Personal information
- Born: 8 February 1981 (age 44)
- Original team: Oakleigh U18
- Debut: Round 13, 4 June 2000, Western Bulldogs vs. Geelong, at Telstra Dome
- Height: 193 cm (6 ft 4 in)
- Weight: 94 kg (207 lb)

Playing career^{1}
- Years: Club / Games (Goals)
- 1999–2002: Western Bulldogs / 35 (5)
- 2003–2005: St Kilda / 45 (2)
- Total:  / 80 (7)
- ^{1} Playing statistics correct to the end of 2005.

Career highlights
- AFL Rising Star nominee 2001; St Kilda pre-season premiership 2004;

= Luke Penny =

Australian rules footballer, born 1981

Luke Penny (born 8 February 1981) is a former Australian rules footballer.

Recruited to the Western Bulldogs in the 1998 AFL draft as pick 14, Penny was seen as a project player who could lead the defence in years to come. He stood at 193 cm, and made his debut in 2000. With Matthew Croft at the club, he could not cement his spot at the Bulldogs, so was traded to St Kilda Football Club for pick 17 (which turned out to be Cameron Faulkner) in the 2002 AFL draft.

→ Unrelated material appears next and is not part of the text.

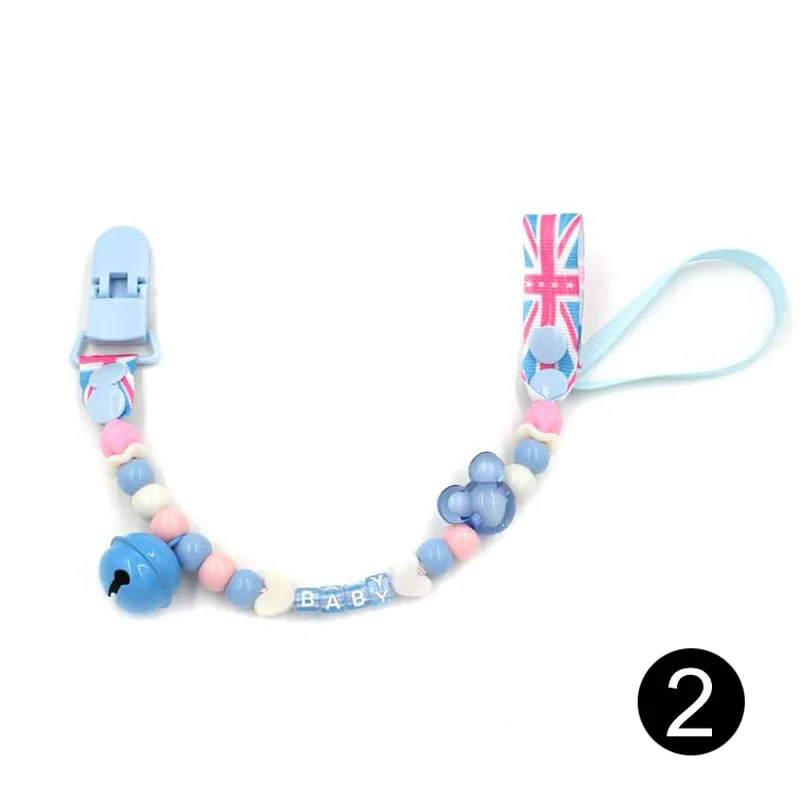 Bell Cartoon pacifier chain Baby Pacifier Clip for Nipples Cute Infant Teeth Dummy Chain for Children Baby Pacifier Clip B0650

Making his debut with the Saints in 2003, Penny continued to improve in a key-defensive position, and became first-choice full-back at the club. However, in 2004 and particularly 2005, Penny started having trouble with his knees. In 2005 he played just 9 games and was a figure in the Saints' massive injury list throughout the year. At the end of the 2005 season, Penny's knee injuries had become a massive problem and it was widely known that he was considering retirement. At just 24 years of age, on 29 November, Penny made his retirement official, with 3 years remaining on his contract.